Ese mismo día, por la noche, leyéndole a mi padre el libro Sapiens, de Harari, nos detuvimos en una parte en la que revelaba que los primeros vestigios de un humano enterrado al lado de un perro datan de hace quince mil años. Harari y su libro quedaron a un lado para emocionarnos, mi padre y yo, con la presencia de nuestros fieles amigos a lo largo de nuestra historia familiar, en el momento en que en medio de esa lectura, recostada al pie del lecho de mi padre, Luna escuchaba atenta que algo decíamos sobre ella y su estirpe.

Quincemil es uno de los tantos nombres que Luna ha recibido, sobrenombres pasajeros que surgen motivados por cada uno de sus actos, desde sus pequeños saltos emocionados cuando te recibe al llegar a casa hasta cuando se colma de tu calor y decide ir a los pies de la cama.
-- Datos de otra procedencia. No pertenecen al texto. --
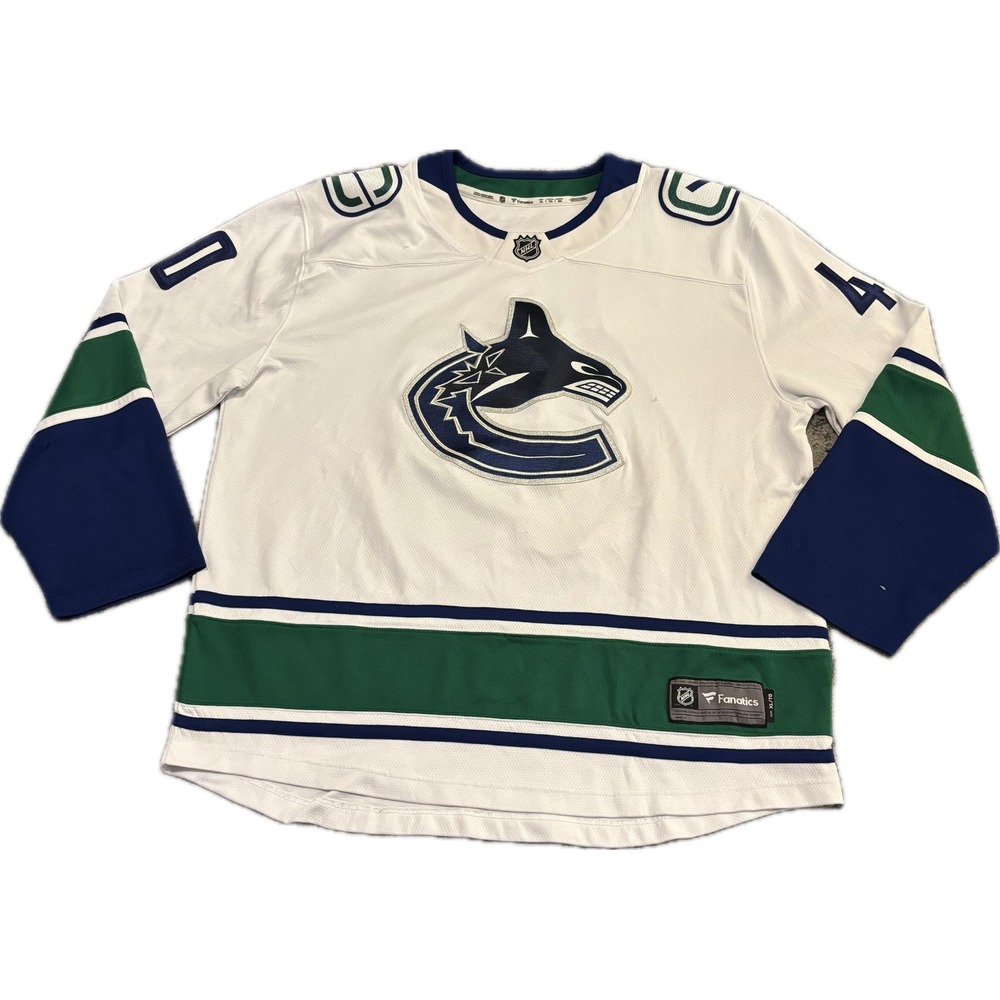 Fanatics Vancouver Canucks Elias Pettersson 40 NHL Jersey Mens XL White Away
Quincemil también suele ser el nombre que le damos cuando, perplejos, nos percatamos de algo que da cuenta de su particular conciencia para percibir el mundo. Hay algo en esos actos, en su gesto y atención que me hacen sentir que solo puedo ver la huella que deja esa maravilla que debe ser Luna sobre el papel que es mi conciencia. Ella es para mí una de las tantas formas en que la quinta dimensión aparece.

Hoy, 21 de julio, Día Internacional del Perro, celebro estos quince mil años de andar juntos.